I have a large graph where some of the relationships have properties that I want to use to effectively prune the graph as I create a subgraph. For example, if I have a property called 'relevance score' and I want to start at one node and sprawl out, collecting all nodes and relationships but pruning wherever a relationship has the above property.

My attempt to do so netted this query:

start n=node(15) match (n)-[r*]->(x) WHERE NOT HAS(r.relevance_score) return x, r

My attempt has two issues I cannot resolve:

1) Reflecting I believe this will not result in a pruned graph but rather a collection of disjoint graphs. Additionally:

2) I am getting the following error from what looks to be a correctly formed cypher query:

Type mismatch: expected Any, Map, Node or Relationship but was Collection<Relationship> (line 1, column 52 (offset: 51))
"start n=node(15) match (n)-[r*]->(x) WHERE NOT HAS(r.relevance_score) return x, r"
2
Which version of Neo4j are you using? START is considered deprecated and has is no longer supported in 3.x.Gabor Szarnyas
3.0.6. It still works though for other queries, but good to know. I missed that point in the docsWildBill

2 Answers

3
votes

You should be able to use the ALL() function on the collection of relationships to enforce that for all relationships in the path, the property in question is null.

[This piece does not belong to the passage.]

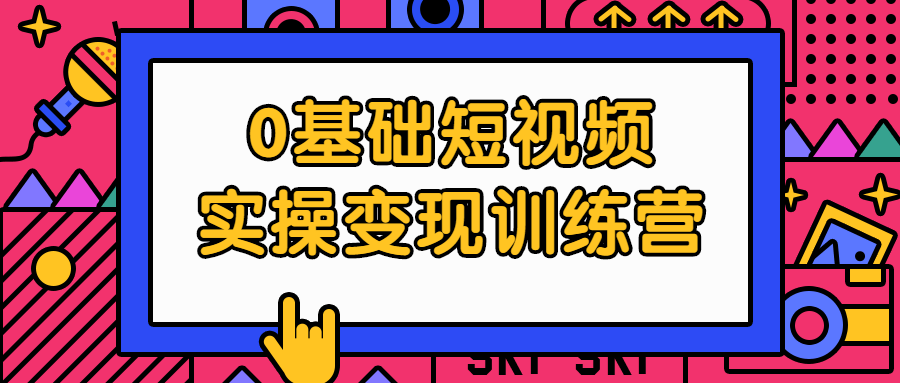 0基础短视频实操变现训练营-副业宝典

Using Gabor's sample graph, this query should work.

MATCH p = (n {name: 'n1'})-[rs1*]->()
WHERE ALL(rel in rs1 WHERE rel.relevance_score is null)
RETURN p
2
votes

One solution that I can think of is to go through all relationships (with rs*), filter the the ones without the relevance_score property and see if the rs "path" is still the same. (I quoted "path" as technically it is not a Neo4j path).

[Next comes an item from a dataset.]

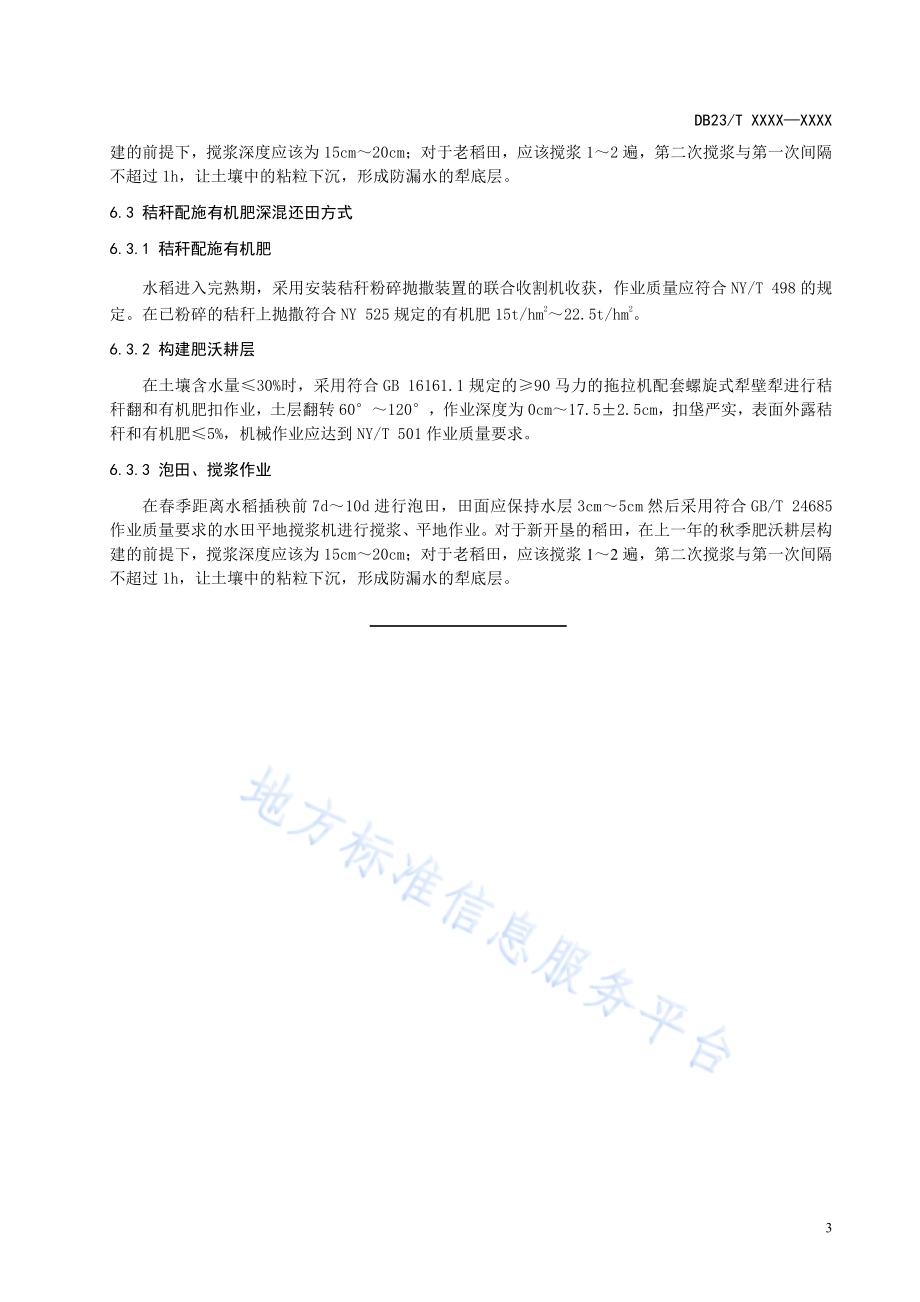 水田肥沃耕层构建技术规程DB23／T 2676—2020.pdf_第5页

I created a small example graph:

CREATE
  (n1:Node {name: 'n1'}),
  (n2:Node {name: 'n2'}),
  (n3:Node {name: 'n3'}),
  (n4:Node {name: 'n4'}),
  (n5:Node {name: 'n5'}),
  (n1)-[:REL {relevance_score: 0.5}]->(n2)-[:REL]->(n3),
  (n1)-[:REL]->(n4)-[:REL]->(n5)

The graph contains a single relevant edge, between nodes n1 and n2.

enter image description here

The query (note that I used {name: 'n1'} to get the start node, you might use START node=...):

MATCH (n {name: 'n1'})-[rs1*]->(x)
UNWIND rs1 AS r
WITH n, rs1, x, r
WHERE NOT exists(r.relevance_score)
WITH n, rs1, x, collect(r) AS rs2
WHERE rs1 = rs2
RETURN n, x

The results:

╒══════════╤══════════╕
│nx         │
╞══════════╪══════════╡
│{name: n1}│{name: n4}│
├──────────┼──────────┤
│{name: n1}│{name: n5}│
└──────────┴──────────┘

Update: see InverseFalcon's answer for a simpler solution.